A New York Times article this week, entitled "From Search, to Fetch," describes moves by both Google and Bing to get you to an answer faster. Called the "Knowledge Graph" by Google and "Snapshot" by Bing, you'll find that searches for certain types of information will now bring you a highly summarized presentation of key facts without needing to click on any of the links shown in the search results.
As the article concludes:
Both Microsoft and Google stress that these developments are but the first timid steps into a beautiful future - a future where search pages know what you mean, display exactly the information you want with one click, and even perform tasks for you. These companies are no longer happy serving only as the card catalog for the Web; now they even want to bring you the book.
More interesting to me, however, is that only in a small percentage of cases will Google (courtesy of Google Books) truly bring you the book. In the majority of cases, what Google will bring you is data. And where do these data come from? Third-party databases.

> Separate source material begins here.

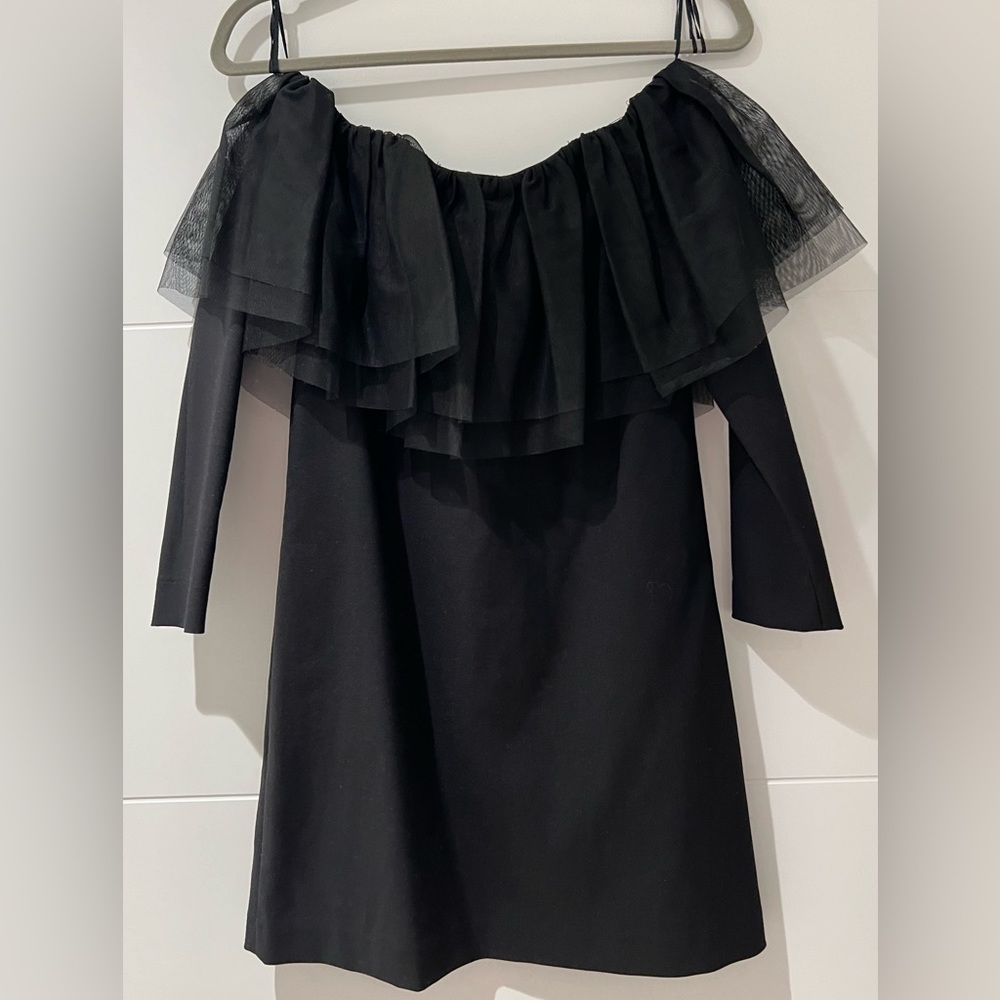 Mini black dress. 3/4 sleeves.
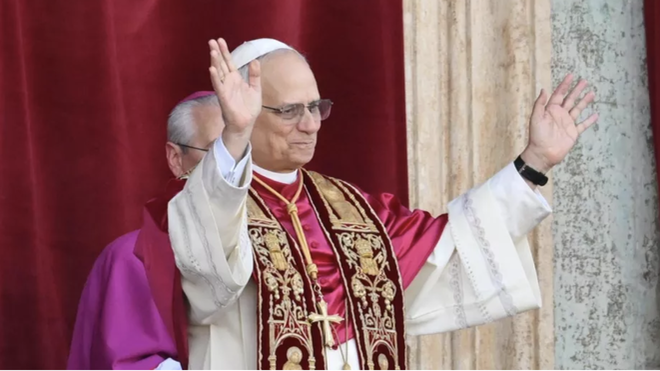 Prevost saluda a los fieles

This is just one more example of search engines tacitly acknowledging the value of structured and semi-structured content. As importantly, Google is also acknowledging that some content sources are more dependable and trustworthy than others. Yes, Google is now featuring content that hasn't been selected by algorithms, but rather by humans basing their decisions in large part on the brand reputation of the content provider. Bing is presumably operating the same way.
Google so far is limiting itself to free third-party data sources such as Freebase, the CIA World Factbook and Wikipedia, among others. The data sources used by Bing aren't disclosed, but Snapshot reportedly is a bit more commercially oriented, providing summarized data on hotels, restaurants, bands, events, etc. I think it is quite likely Bing is already licensing some of this content from third parties.
The potentially great outcome is that with the arms race mentality of Bing and Google, one or both may start licensing more content in an attempt to offer the most compelling search experience. That's good for those publishers willing to be paid a large fee to make some or all of their content broadly available for free (and what a great ride that was for many publishers during the dot com boom). The losers in this scenario are those data products with commoditized content. For those publishers with expensive, specialized and proprietary content, it's a mixed scenario. Some may experience neither benefit nor harm. Others may find that exposing a taste of their data for free can yield tremendous levels of exposure that can drive new sales.
The way I see it, the search engines continue to evolve from information indexers to information distributors. And this could be a very fine evolution indeed.